One of the bigger battles left for the Redskins as they get ready for the season is who will be their punt returner now that CB Richard Crawford is out for the year with a knee injury. Here are the potential options vying for the job including both why they should and shouldn’t get the job:
Why he should get the role: The Redskins drafted Thompson to be a weapon, both on offense and hopefully in the return game. Thompson when healthy can be a dynamic player and take over that Brandon Banks “weapon” role, and has the chance to be actually successful with it. If Thompson is the punt returner it would help give the Redskins an excuse to keep him on the 53 man roster. Thompson showed that game breaking ability with his punt return for a TD in the 4th preseason game.

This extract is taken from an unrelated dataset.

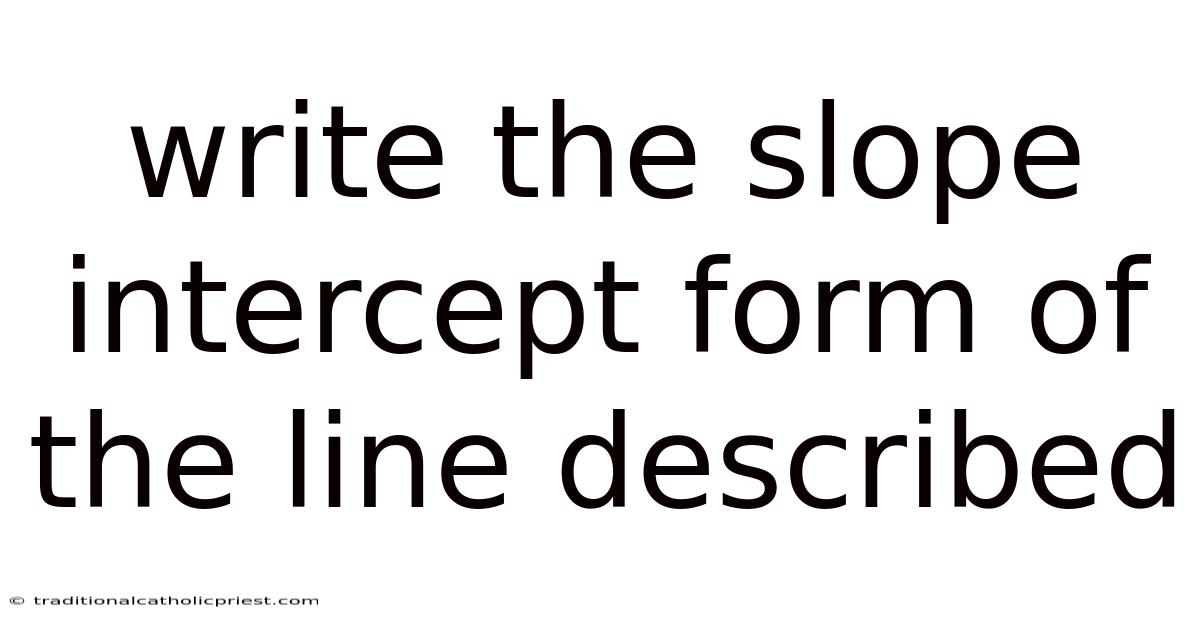 Write The Slope Intercept Form Of The Line Described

Why he shouldn’t get the role: For one thing Thompson isn’t a lock for the 53 man roster to begin with, and he really has no business being on the game day roster since his contributions on offense seem to be a ways off. Unlike most special teamers he would only be used in a return role, and what’s worse is he would probably only be the punt returner. That is less value than Banks had, who at least was utilized at both return roles. Part of the reason why he’s not ready to contribute on offense is the fact that he clearly has quite a bit of rust, after missing most of the last two seasons with a pair of serious injuries. Not only did he miss a lot of game time, but he’s missed plenty of practice time. That has continued during his time with the Redskins where he missed all of OTA’s/Minicamp and part of training camp. He’s fumbled twice already in preseason, and has yet to show any big play ability on offense.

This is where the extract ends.